Islamic zeal linked the PLO with training camps in Pakistan supporting the 1979-1989 jihad against the Soviet occupation of neighboring Afghanistan. “In 1986 the PLO started to send the most promising radicalized youth to advance training in mujahideen camps in Pakistan, where all the Islamist parties provided special training facilities,” Bodansky noted. Already there helping lead this fight was the Palestinian jihadist thinker Abdullah Azzam, Bodansky observed. “In the mid-1970s Azzam broke with the Palestinian armed struggle against Israel because it was driven by national revolutionary ideology instead of being an Islamist jihad.”
Bodansky asserted in 1999 that the Middle East’s “pro-Western conservative regimes are near collapse, more from self-destruction than anything else, especially in Saudi Arabia,” but subsequent decades have disproved his pessimism.

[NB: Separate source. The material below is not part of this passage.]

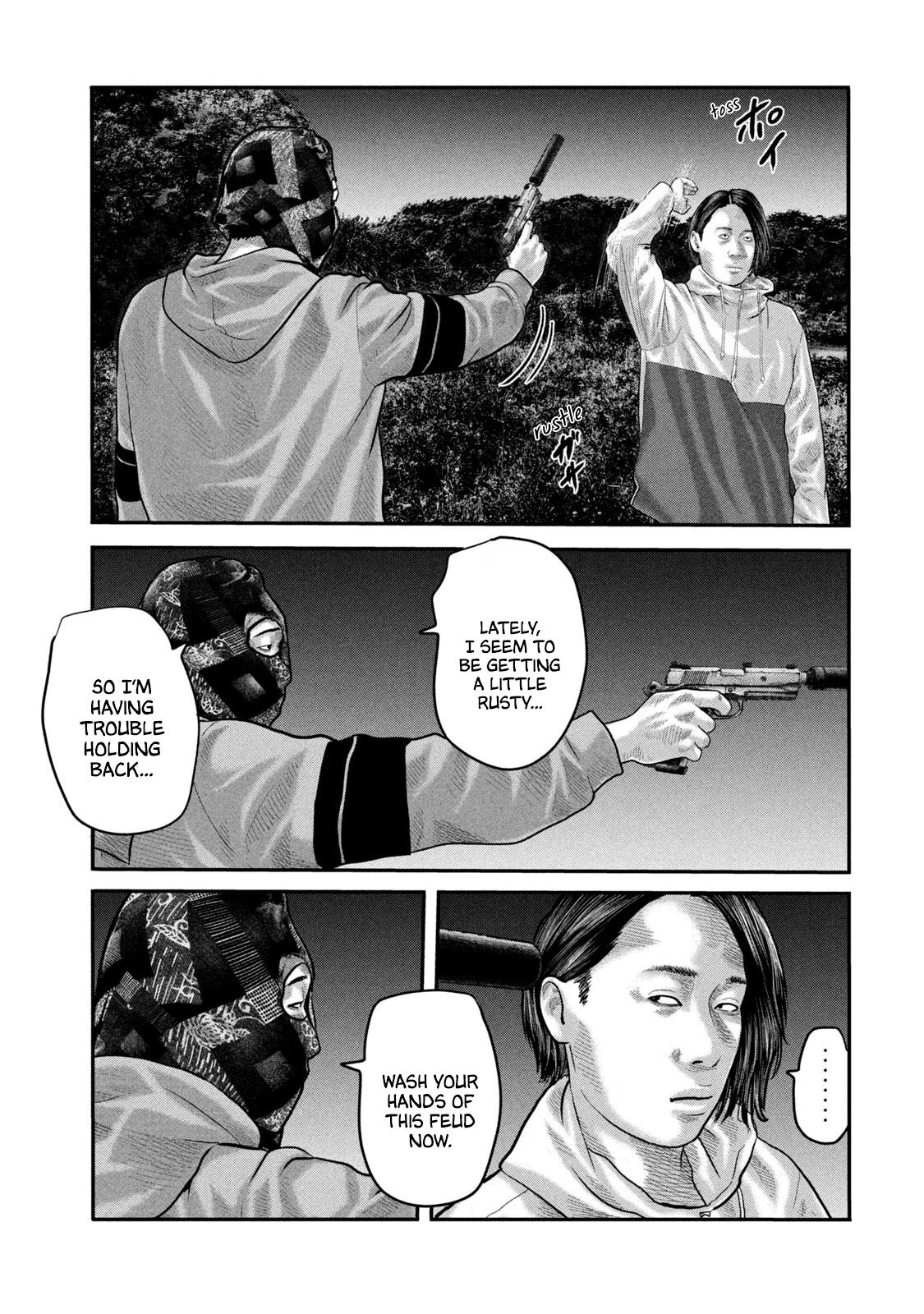 Read The Fable The Second Contact EN Manga Online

Abdel Fattah al-Sisi returned Egypt to a pro-Western strongman rule after a brief Muslim Brotherhood-dominated regime interlude in 2011-2013 following Hosni Mubarak’s fall from power during the “Arab Spring.” Meanwhile Saudi Arabia and other Gulf states including Bahrain and the United Arab Emirates along with Morocco have embarked upon domestic reforms and growing ties with Israel.

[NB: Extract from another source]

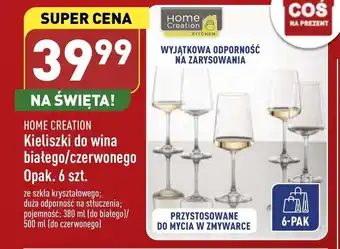 ALDI Zestaw kieliszków home creation oferta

Yet Bodansky in 1999 demonstrated in detail how Islam remains the dominant political factor in Muslim-majority countries, an assessment that is hardly changed in 2022. From Afghanistan and Pakistan to Egypt, Saudi Arabia, and Somalia, the historic struggle between Islamic and Western influences, as analyzed by Bodansky, continues. Only time will tell when the zeal for Islam’s faith-based politics will finally burn out as Muslims struggle globally to integrate into the modern world.